(Wings Press, 2012)
Dream Cabinet is the fourth full-length book of poems by Ann Fisher-Wirth. In Dream Cabinet, Fisher-Wirth grounds her work in her life’s home places–California, Mississippi–and writes of a full cycle of human life. She extends her range to include two long, experimental sequences: the title ecopoem “Dream Cabinet,” set on an island in Sweden, and the eloquent poem about her first marriage called “Answers I Did Not Give to the Annulment Questionnaire.” This is poetry of great beauty and searing honesty, poetry responsive to compelling personal, political, and environmental issues of our times, and–finally–poetry always aware of the evanescence, the “dream cabinet” quality, of all mortal experience. MacArthur Fellow and winner of the National Book Award, Robert Hass has written, “Many American poets have written ‘the autobiographical lyric.’ Very few poets have written it with such fierce and stinging accuracy as Fisher-Wirth.” (Paperback, 96 pages)

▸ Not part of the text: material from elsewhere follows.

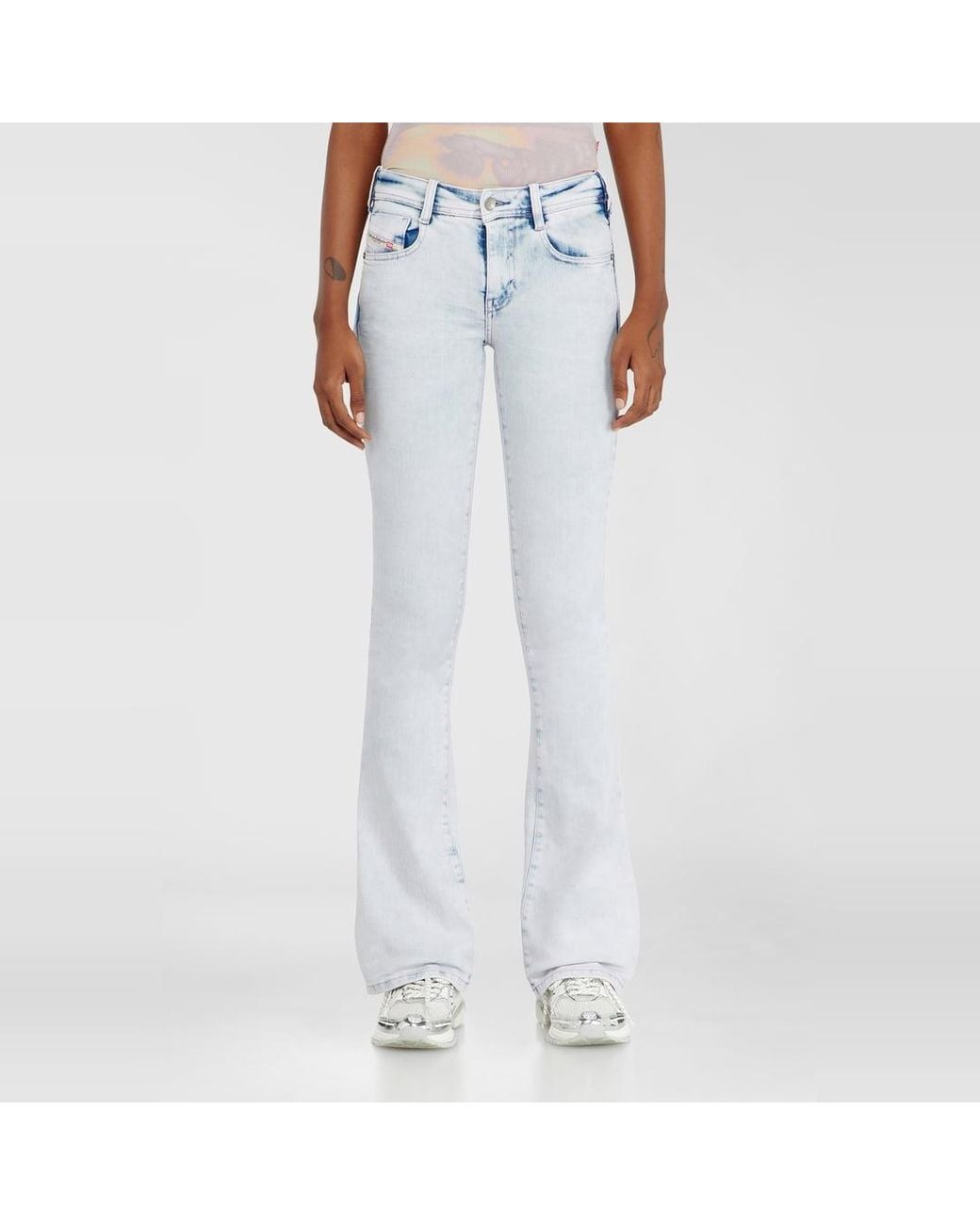 DIESEL Blue Bootcut Jeans Low Waist 1969 D-Ebbey, Colored, Zip Fly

All the world and life are here, in the Dream Cabinet. Children, grandchildren, husbands, fathers, mothers, redwoods, dogwoods, tree frogs: the living and the dying and the dead. These poems catalog sorrow and rejuvenation, anger, loss, love and terror. The doors of the Dream Cabinet open to reveal what we might apprehend of this delicate, beautiful world. Ann Fisher-Wirth is a vital and vibrant poet, and this is her best book yet.
– Camille T. Dungy
Ann Fisher-Wirth renders the particulars of a woman’s life in “heretic narrative[s]” distinguished by the rigor of her self-reflections and the emotional richness of her responses. Dream Cabinet may be read as a book of love poems to her husband, children and grandchildren, her parents, the natural world. Even as they contemplate the persistence of pain and the “battening down [it takes] to survive,” these gutsy lyric poems leave us with a sense of abundance.
– Chana Bloch
Ann Fisher-Wirth finds in “all of creation sudden music,” the subjects in Dream Cabinet ranging from the BP oil spill to the “hidden seeds” of intimate memory. She reminds us that the earth’s uncertain passage is inextricable from our own as she deftly interweaves the political with the personal—crafting again and again “the made thing out of the sheltering darkness.”